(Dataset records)

————————

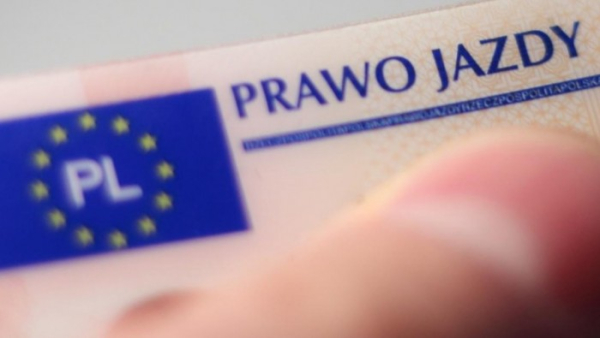 Три міста в Польщі, де екзамен на водійські права ...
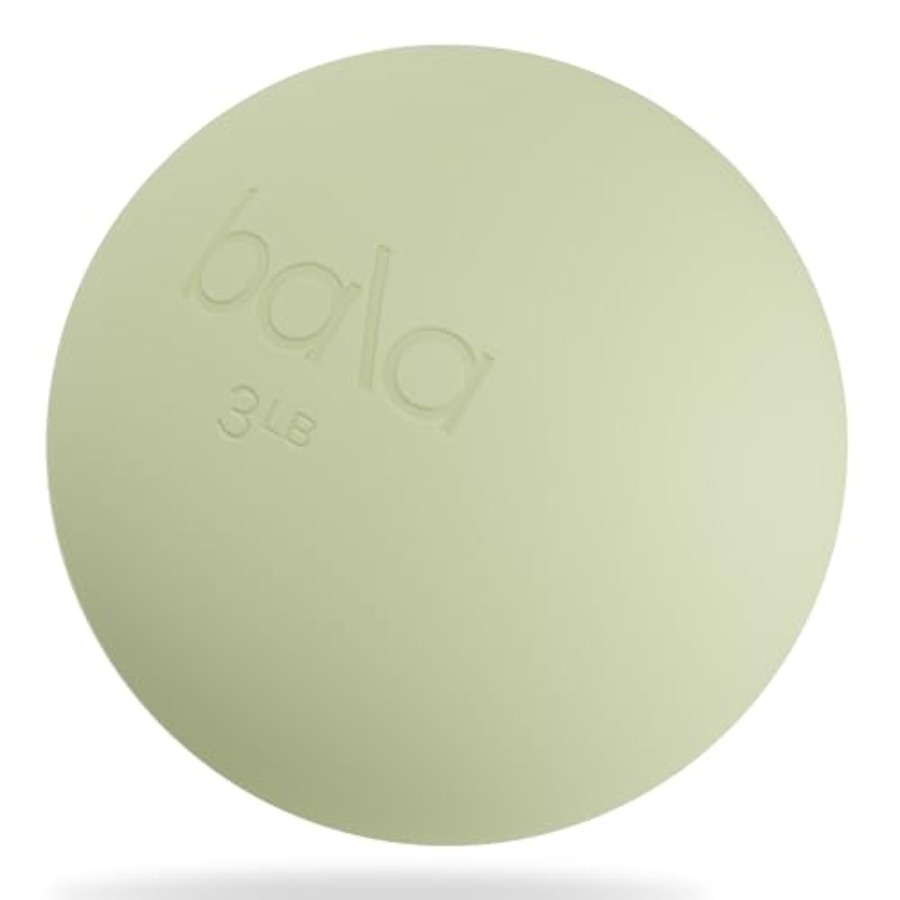 Power Ball, Weighted Toning Ex - Pilates Toning Ball avis et prix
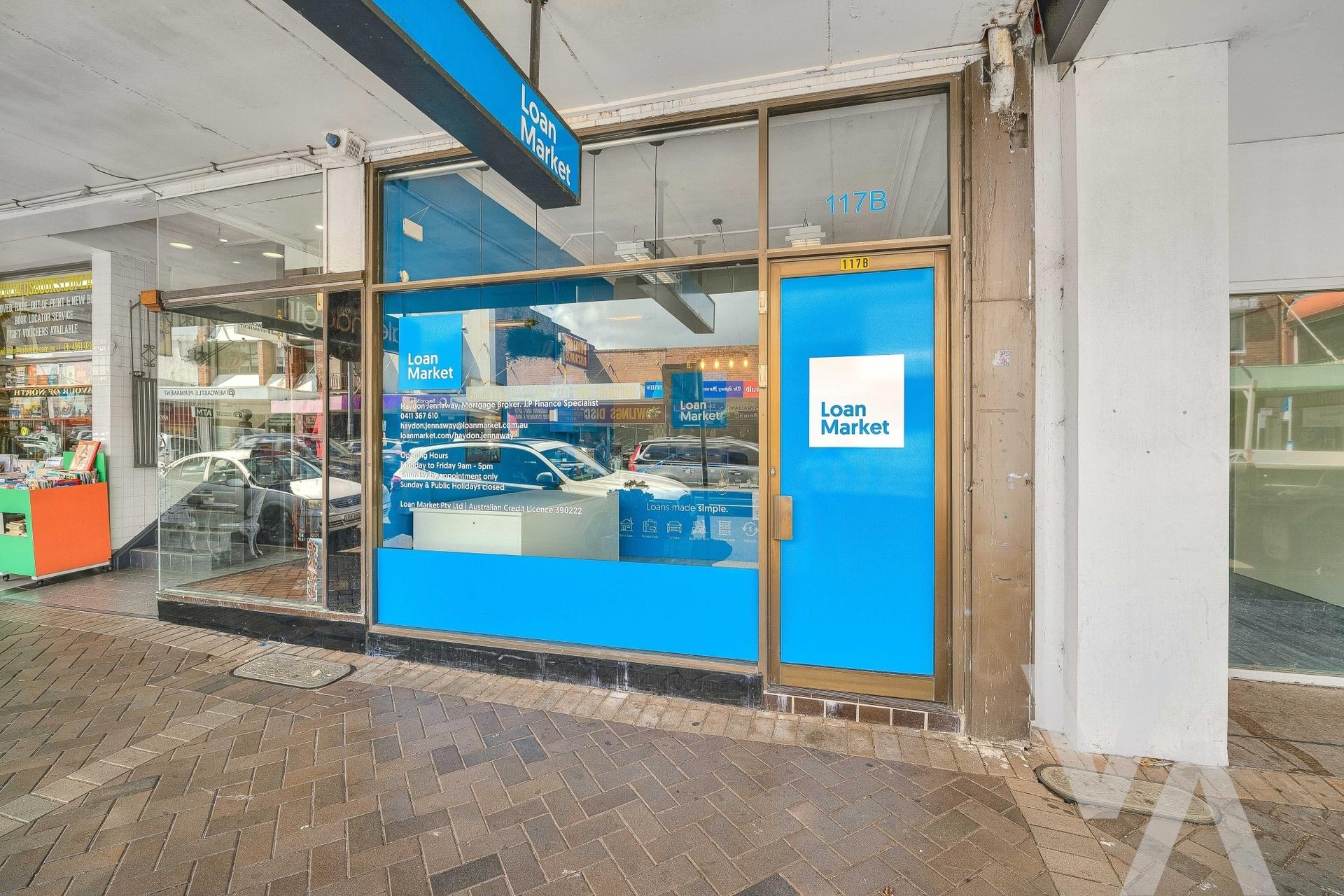 117b Beaumont Street Hamilton NSW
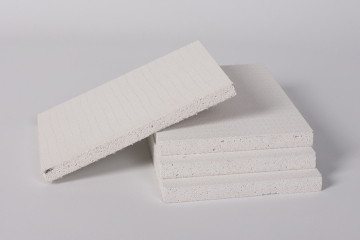 High Performance Fire Resistant Door Core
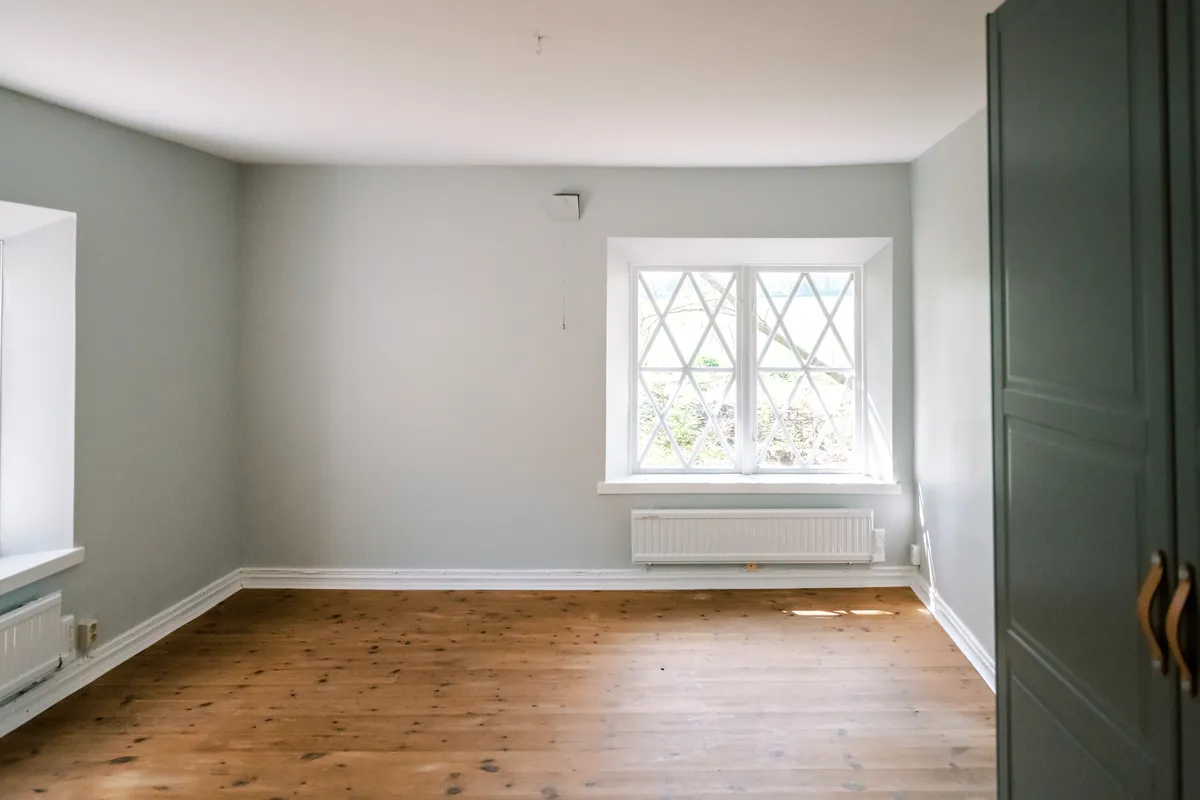 Hyreslägenhet på Hörby i horby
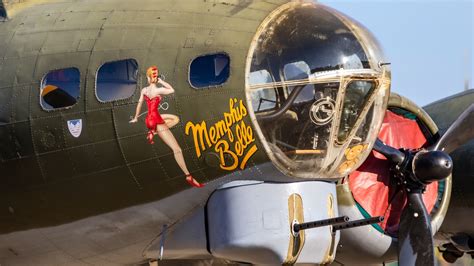 WW2 Nose Art Is a Classic Piece of Americana | VeteranLife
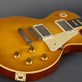 Gibson Les Paul 58 Murphy Lab 70th Anniversary Heavy Aging (2022) Detailphoto 8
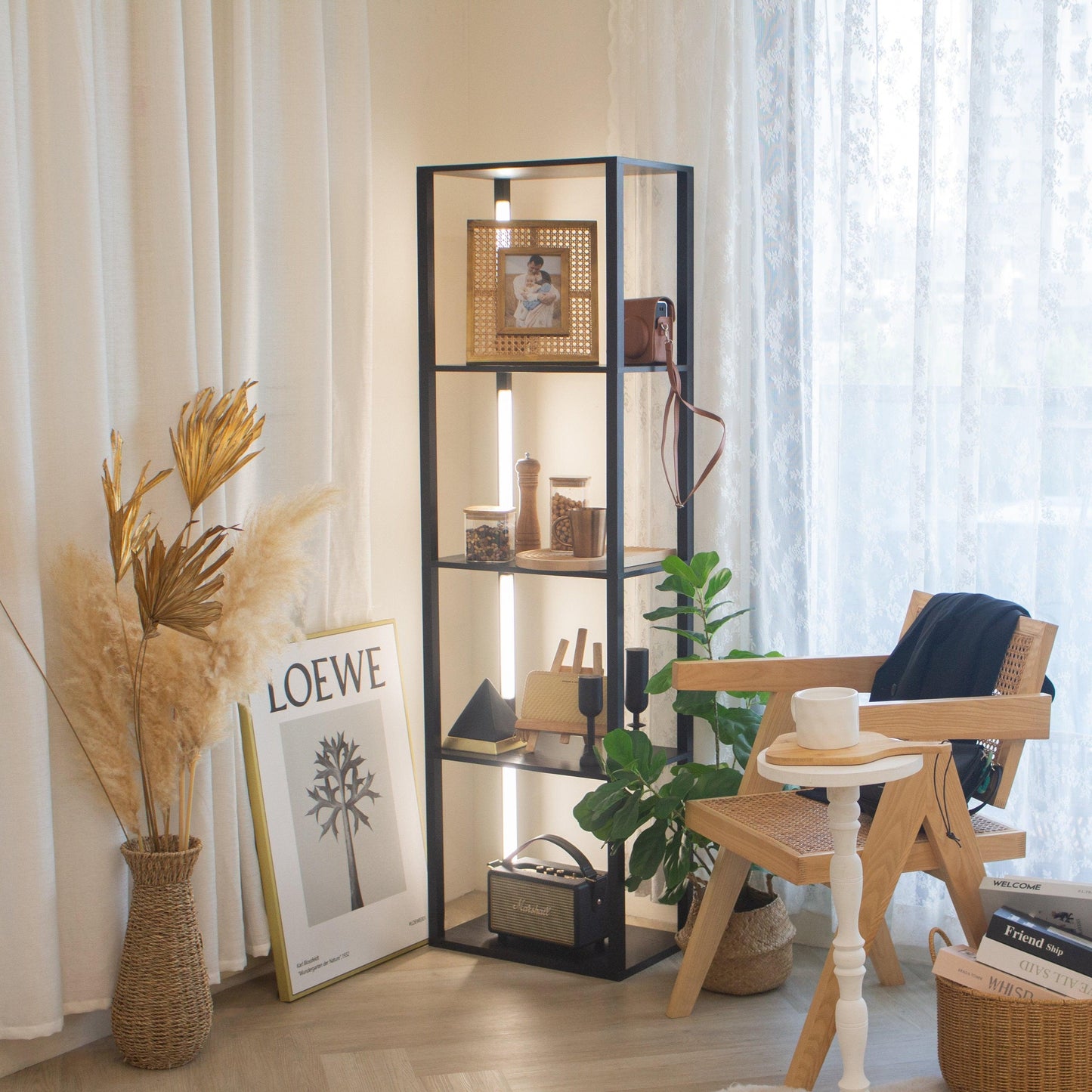 FENLO Fancy: Plus PRO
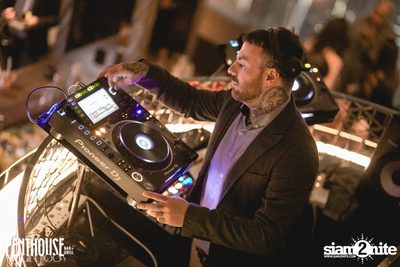 A Night with Maggie Choo's at Penthouse Bar and Grill — photo 29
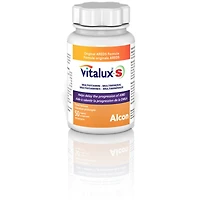 Vitalux® Areds- S Multivitamin-Multimineral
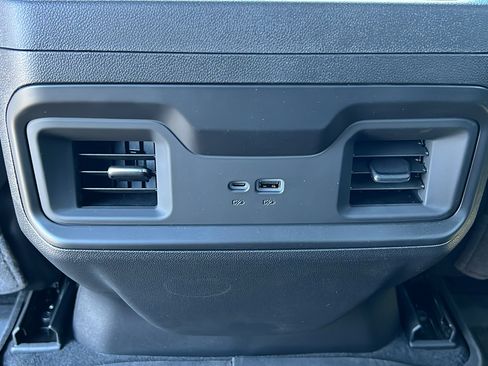 New 2026 Chevrolet Silverado 1500 RST AWD/4WD image 17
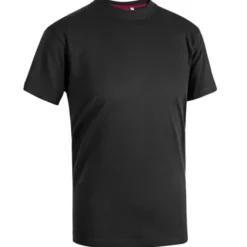 T-Shirt da Lavoro 100% Cotone Sottozero Sky E0400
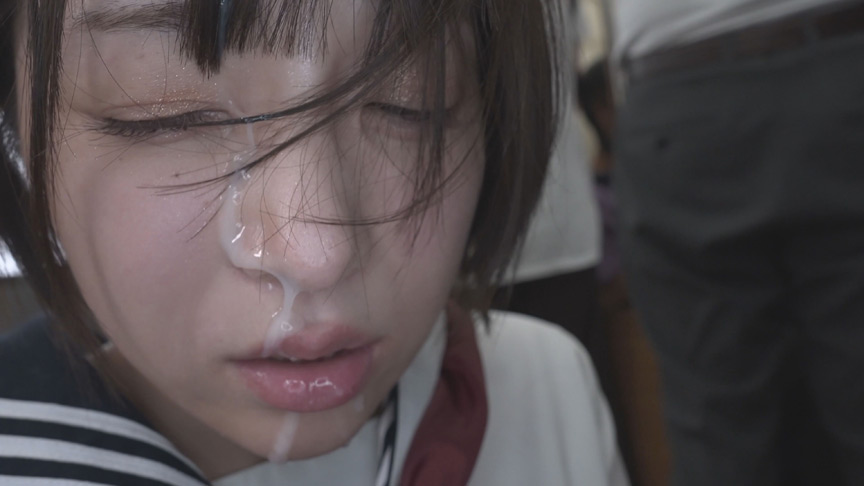 「【素人JK】通学電車で激震ローター責め！ガニ股痙攣で何度も絶頂する田舎娘の羞恥プレイ」のサンプル画像10枚目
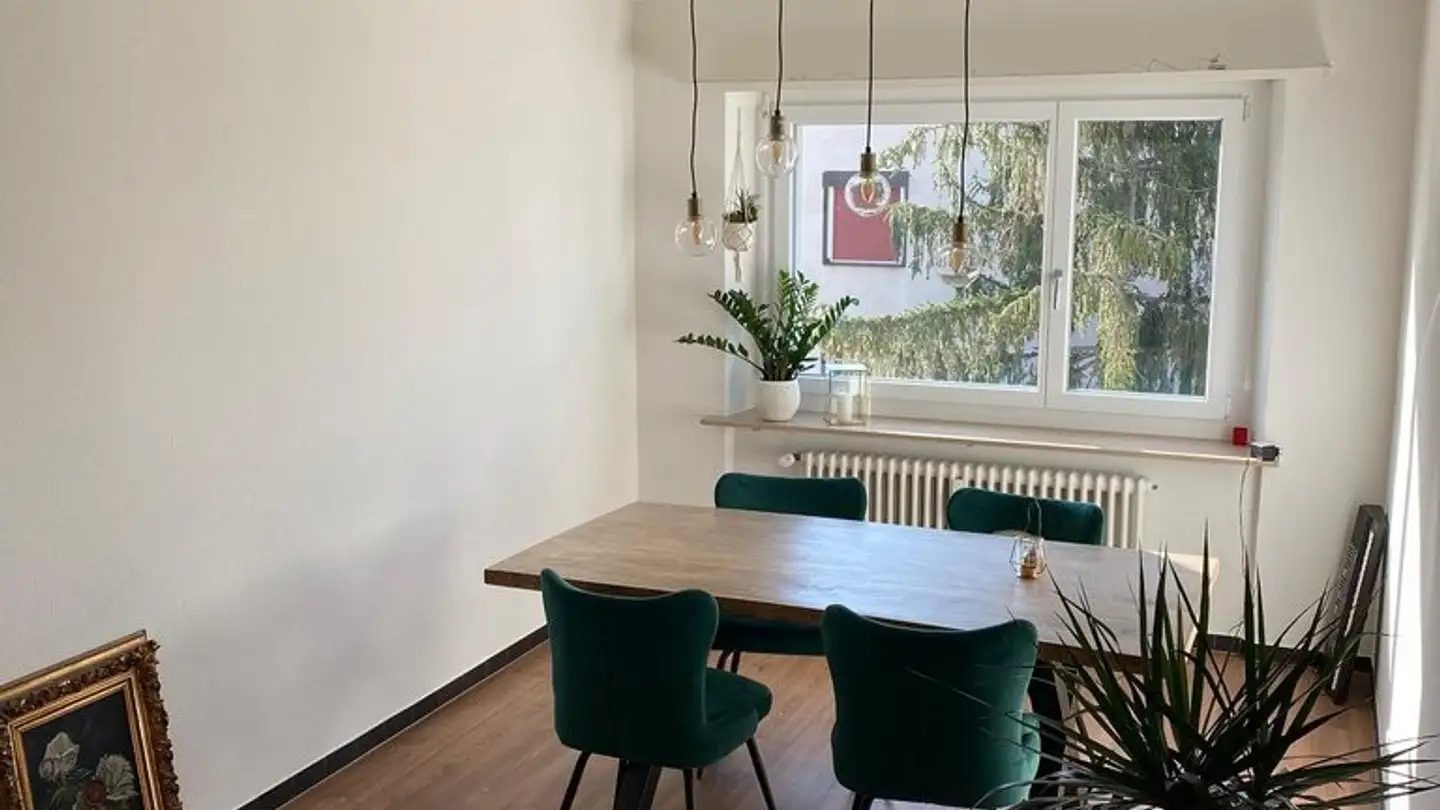 Appartamento in affitto - Hinterzweienstrasse 70, 4132 Muttenz - Foto 2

————————

> [What is expected]: An exact copy is required of the lines from the one holding "Vitalux® Areds- S Multivitamin-Multimineral" to the end of the entries above, both included; no pictures belong in it.

> [Answer for the task]:
 Vitalux® Areds- S Multivitamin-Multimineral
 New 2026 Chevrolet Silverado 1500 RST AWD/4WD image 17
 T-Shirt da Lavoro 100% Cotone Sottozero Sky E0400
 「【素人JK】通学電車で激震ローター責め！ガニ股痙攣で何度も絶頂する田舎娘の羞恥プレイ」のサンプル画像10枚目
 Appartamento in affitto - Hinterzweienstrasse 70, 4132 Muttenz - Foto 2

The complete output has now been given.